Three stories major US outlets did not lead with today.
Today's news cycle is dominated by the Trump-Xi summit in Beijing, Kevin Warsh's confirmation as Fed chair, and Alex Murdaugh winning a new trial. Meanwhile, in Manila, gunshots rang out inside the Philippine Senate yesterday as Senator Ronald "Bato" Dela Rosa — former police chief of Duterte's drug war and ICC-charged co-perpetrator of crimes against humanity — barricaded himself for two nights to evade arrest, and has now fled the building as the second ICC fugitive of the drug war. The Kevin Warsh confirmation is being covered as a personnel story rather than as the formal end of US Federal Reserve independence, a 75-year institutional norm. And a Reuters investigation has identified an Israeli firm, BlackCore, as responsible for a disinformation campaign targeting pro-Palestinian candidates in France's municipal elections — the latest case of Israeli private intelligence interfering in European democratic processes.
№ 01 · International Accountability · Drug War
Gunshots in the Philippine Senate as Duterte's drug war police chief evades ICC arrest warrant — second crimes-against-humanity fugitive of a campaign that killed up to 30,000 mostly-poor Filipinos
On the evening of May 13, 2026, more than a dozen gunshots were fired inside the Philippine Senate building in Pasay City. Soldiers in camouflage uniforms had entered the building. Journalists ran for cover. The Senate had been under lockdown for three days. The man at the center of the crisis: Senator Ronald "Bato" Dela Rosa, former Philippine National Police chief under President Rodrigo Duterte and the primary architect of "Oplan Tokhang" — the police operation that produced thousands of extrajudicial killings of suspected drug users and dealers, mostly poor Filipinos in urban slums, between 2016 and 2022. The International Criminal Court unsealed an arrest warrant against him on May 11, dated November 6, 2025, charging him as an "indirect co-perpetrator in the crime against humanity of murder." By Thursday morning, Dela Rosa had fled the Senate building. The ICC has now listed him as "at-large."

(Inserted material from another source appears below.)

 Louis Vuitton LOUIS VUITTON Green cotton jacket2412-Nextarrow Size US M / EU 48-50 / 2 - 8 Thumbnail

The scale of what is being prosecuted: Philippine government data acknowledges more than 6,000 people killed in official police anti-drug operations during Duterte's presidency. Human rights organizations including Human Rights Watch, Amnesty International, and the United Nations estimate the true toll — including unreported "vigilante" killings carried out by police-aligned actors — at up to 30,000 deaths. The dead were overwhelmingly poor: residents of urban slums, low-level dealers, drug users, and bystanders, often shot in the streets and left for their families to find. The Davao Death Squad, which Duterte allegedly founded as Davao City mayor and which Dela Rosa was allegedly involved with as Davao police chief, provided the operational template that was later expanded nationally as "Tokhang." The ICC's pre-trial chamber found that Dela Rosa "controlled a structure of power" that "allowed him to direct and control the actions" of those carrying out the killings, and that he "necessarily knew about the operations and their scope."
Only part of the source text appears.